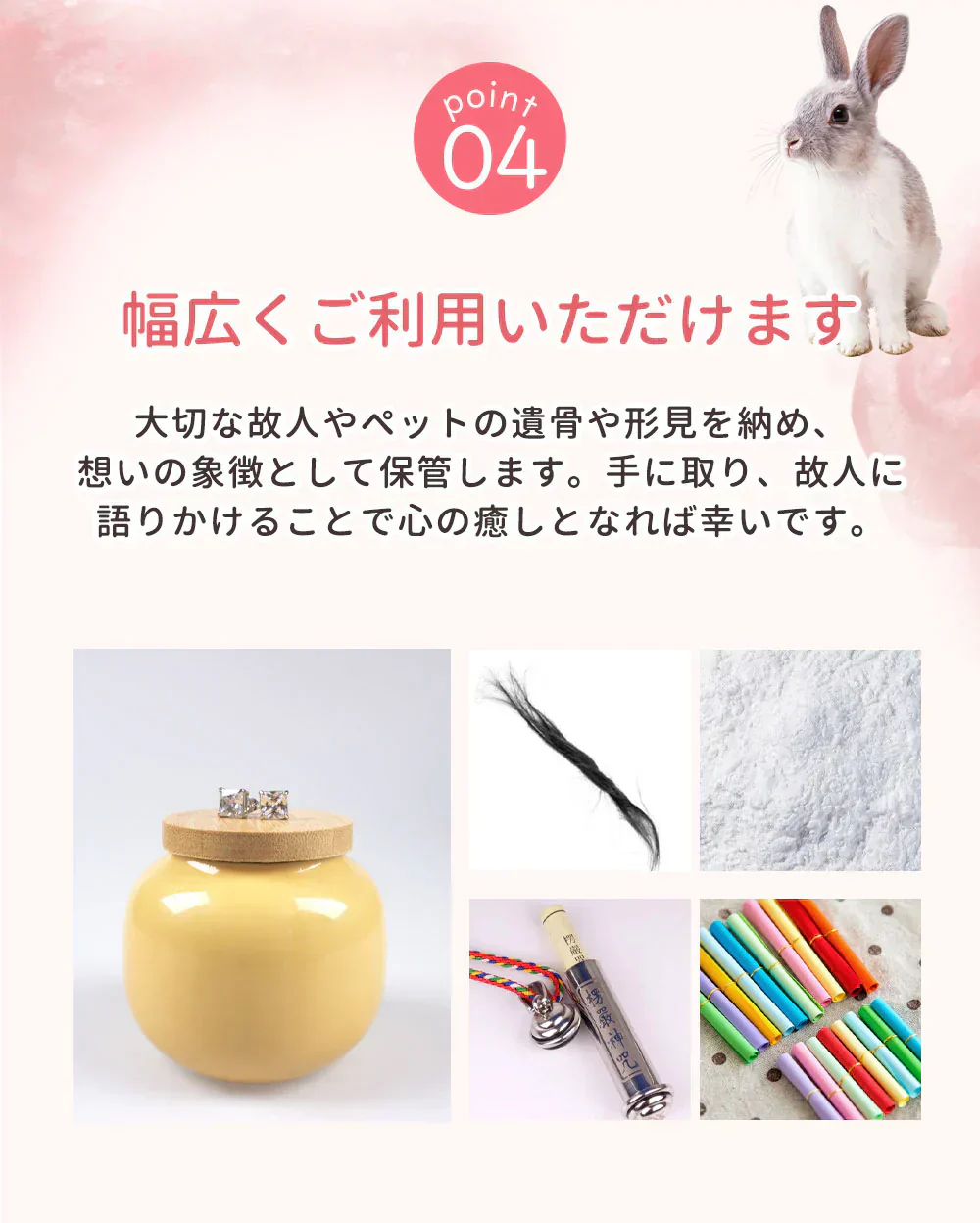 【安息の儀式をサポート】＼ イエロー ／骨壺 ミニ骨壷 手元供養 ペット骨壺 ミニ骨壷 持ち運び 骨壺 遺灰 手元供養 セラミックス 陶器 骨つぼ 小さな骨壺 身近に感じる 密封型 防湿 密閉容器 形見入れ 魔除け 厄除け 開運 守護 家族 犬 ペット ミニ骨壷 おしゃれ ペット 防災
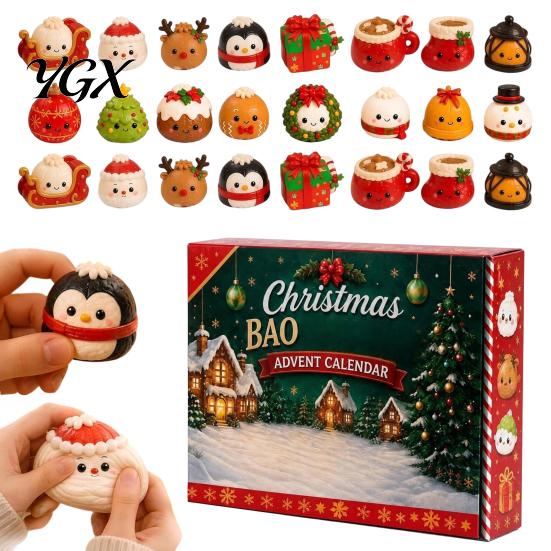 Holiday Box Christmas Squeeze Advent Calendar 2026, 24 Days Dumpling Fidget Toys Countdown Calendar, Soft Sensory Stress Relief for Adults,
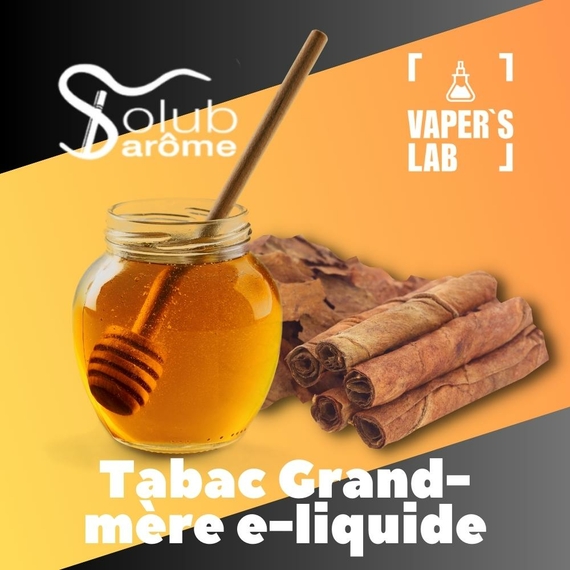 Отзывы на Аромки для вейпа Solub Arome "Tabac Grand-mère e-liquide" (Табак с медом) 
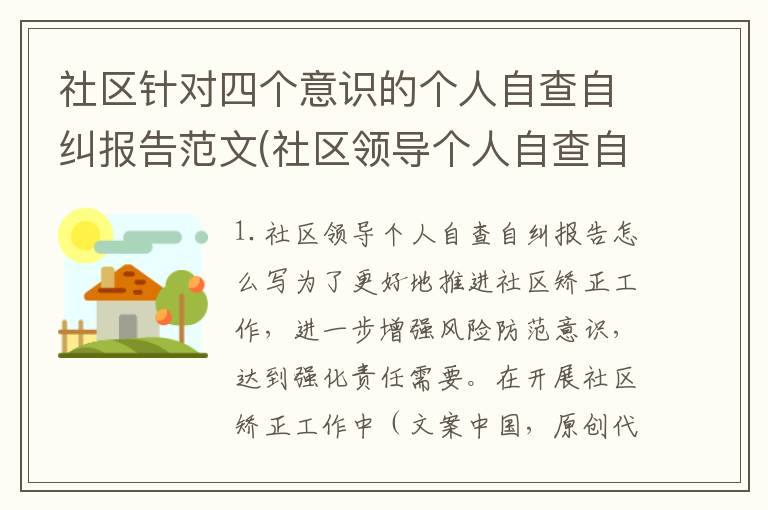 社区针对四个意识的个人自查自纠报告范文(社区领导个人自查自纠报告怎么写)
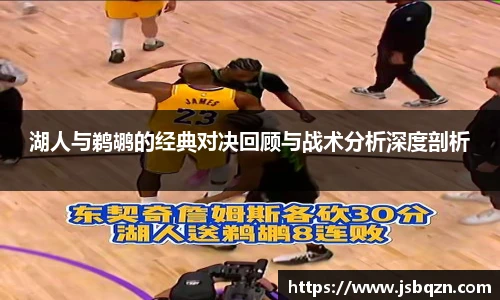 bb艾弗森官网湖人与鹈鹕的经典对决回顾与战术分析深度剖析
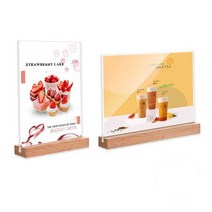 인쇄용지 메뉴판 프린트 꽂이 아크릴판 카페 미용실 네일샵 A4, 2-우드메뉴판A4-가로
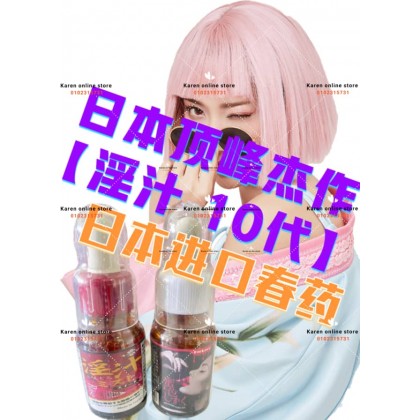 保证原装日本进口顶峰杰作 淫汁 10代强效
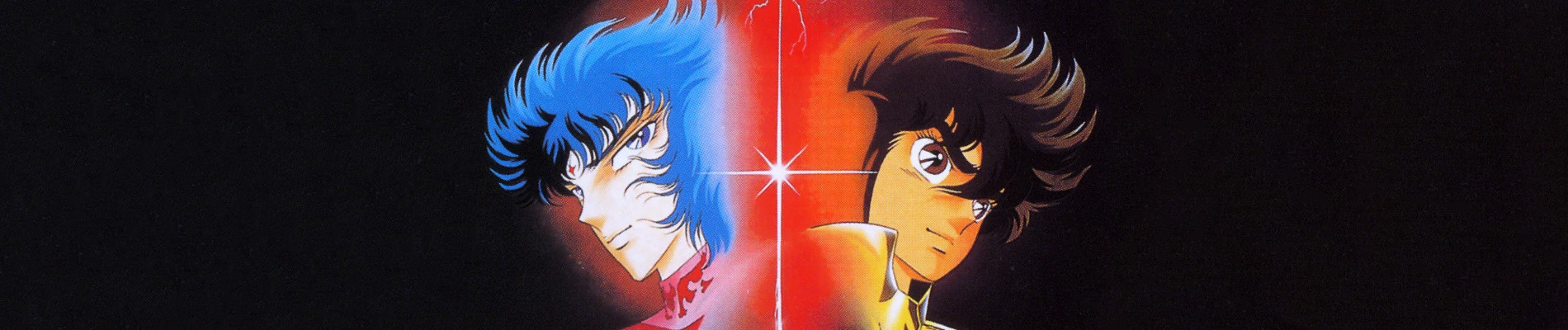 Saint Seiya: Legend of Crimson Youth official artwork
▬▬▬
### Task description:
Retype all entries exactly as they appear, dropping the images.

### Solution to this exercise:
 【安息の儀式をサポート】＼ イエロー ／骨壺 ミニ骨壷 手元供養 ペット骨壺 ミニ骨壷 持ち運び 骨壺 遺灰 手元供養 セラミックス 陶器 骨つぼ 小さな骨壺 身近に感じる 密封型 防湿 密閉容器 形見入れ 魔除け 厄除け 開運 守護 家族 犬 ペット ミニ骨壷 おしゃれ ペット 防災
 Holiday Box Christmas Squeeze Advent Calendar 2026, 24 Days Dumpling Fidget Toys Countdown Calendar, Soft Sensory Stress Relief for Adults,
 Отзывы на Аромки для вейпа Solub Arome "Tabac Grand-mère e-liquide" (Табак с медом) 
 社区针对四个意识的个人自查自纠报告范文(社区领导个人自查自纠报告怎么写)
 bb艾弗森官网湖人与鹈鹕的经典对决回顾与战术分析深度剖析
 인쇄용지 메뉴판 프린트 꽂이 아크릴판 카페 미용실 네일샵 A4, 2-우드메뉴판A4-가로
 保证原装日本进口顶峰杰作 淫汁 10代强效
 Saint Seiya: Legend of Crimson Youth official artwork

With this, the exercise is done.